Task objective: When you reach a picture, skip it, and retype every line below exactly.

Material for this task:
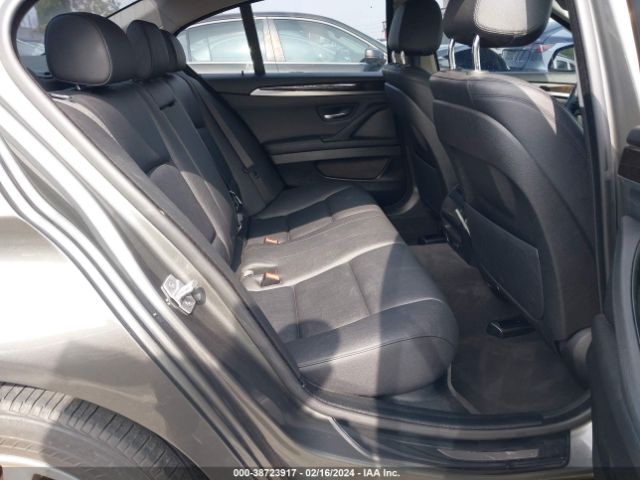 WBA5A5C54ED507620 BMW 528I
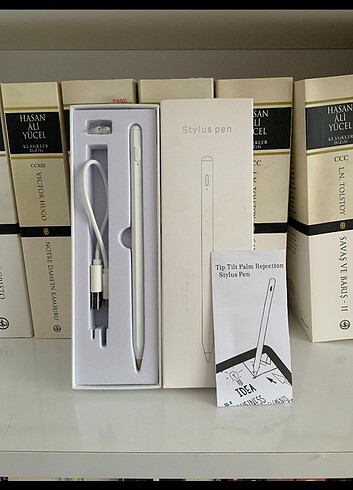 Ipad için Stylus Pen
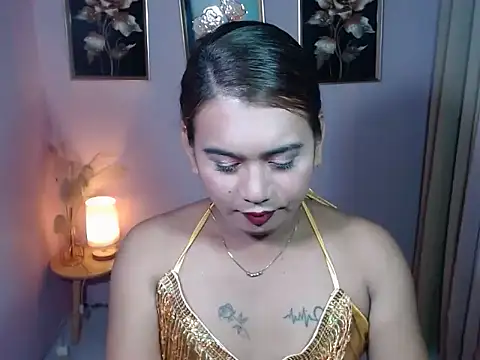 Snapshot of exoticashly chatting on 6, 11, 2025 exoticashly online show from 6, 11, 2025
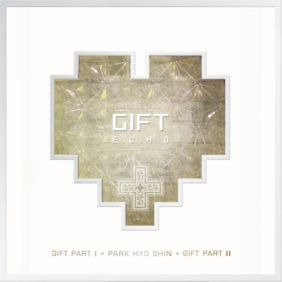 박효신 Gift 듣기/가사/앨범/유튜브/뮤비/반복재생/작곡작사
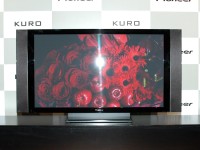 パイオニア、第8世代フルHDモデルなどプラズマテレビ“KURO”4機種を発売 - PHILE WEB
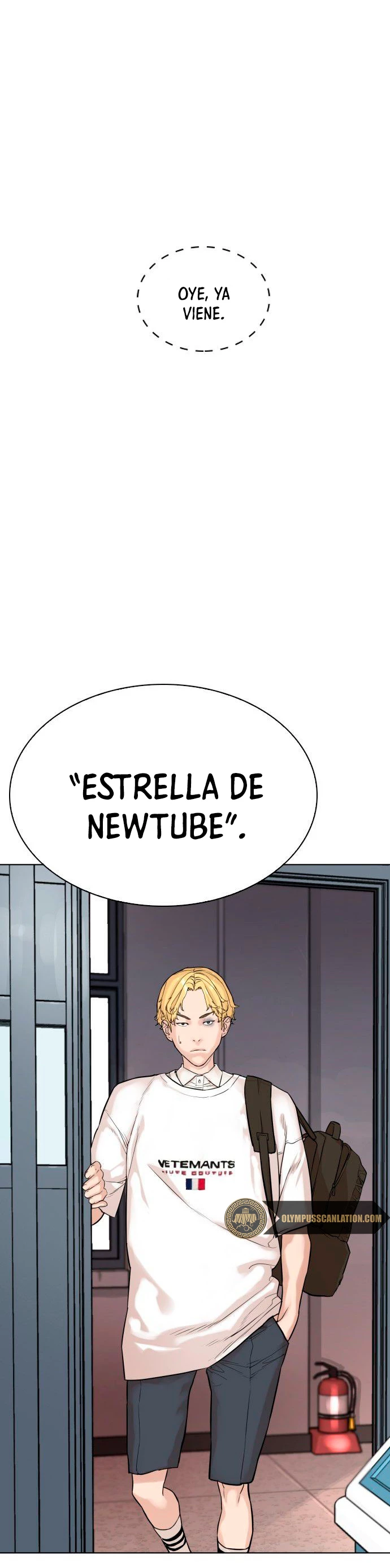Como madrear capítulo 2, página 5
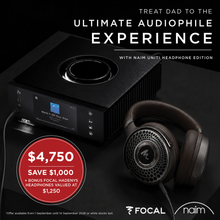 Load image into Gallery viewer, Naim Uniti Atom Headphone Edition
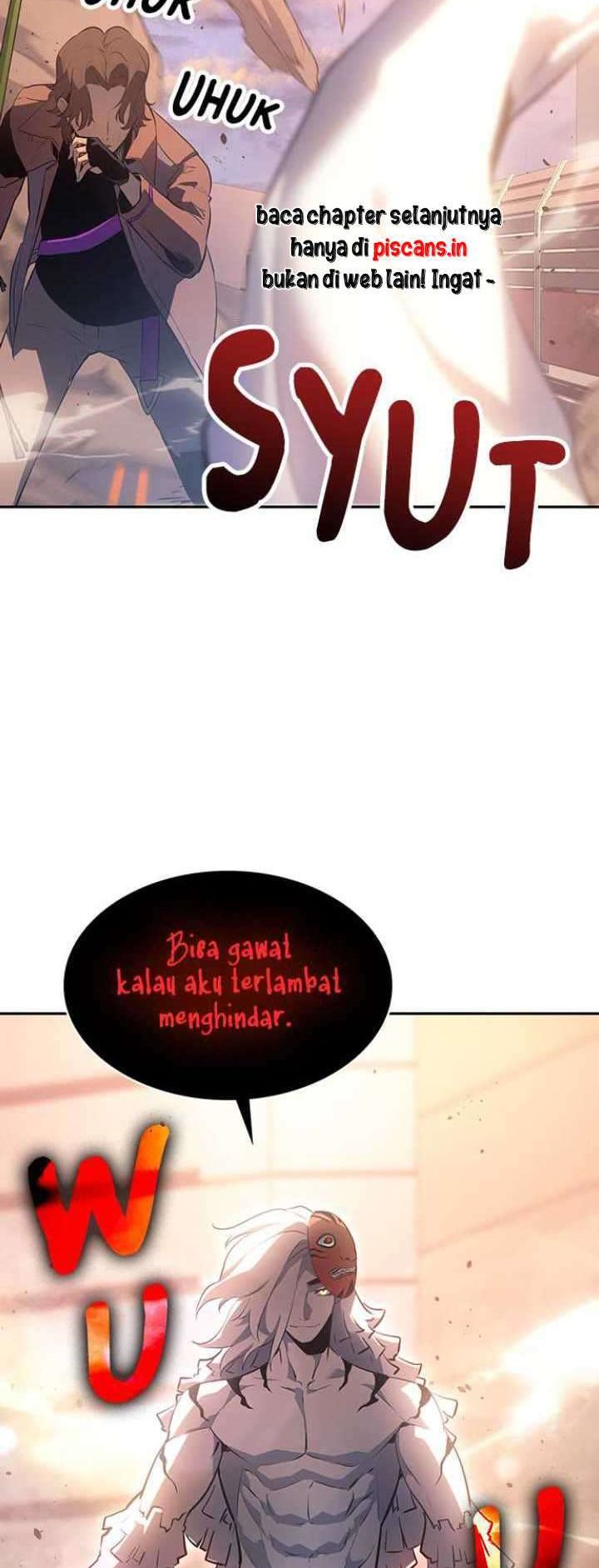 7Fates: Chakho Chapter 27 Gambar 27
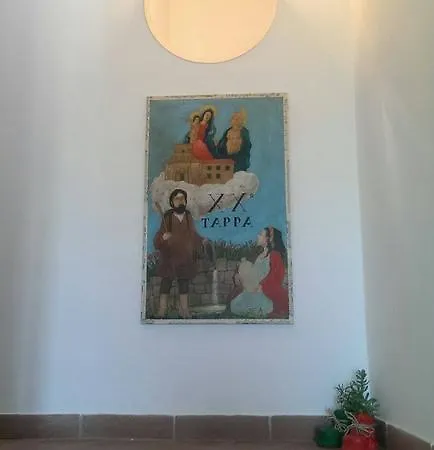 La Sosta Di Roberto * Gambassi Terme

Exercise result:
 WBA5A5C54ED507620 BMW 528I
 Ipad için Stylus Pen
 Snapshot of exoticashly chatting on 6, 11, 2025 exoticashly online show from 6, 11, 2025
 박효신 Gift 듣기/가사/앨범/유튜브/뮤비/반복재생/작곡작사
 パイオニア、第8世代フルHDモデルなどプラズマテレビ“KURO”4機種を発売 - PHILE WEB
Como madrear capítulo 2, página 5
 Load image into Gallery viewer, Naim Uniti Atom Headphone Edition
 7Fates: Chakho Chapter 27 Gambar 27
 La Sosta Di Roberto * Gambassi Terme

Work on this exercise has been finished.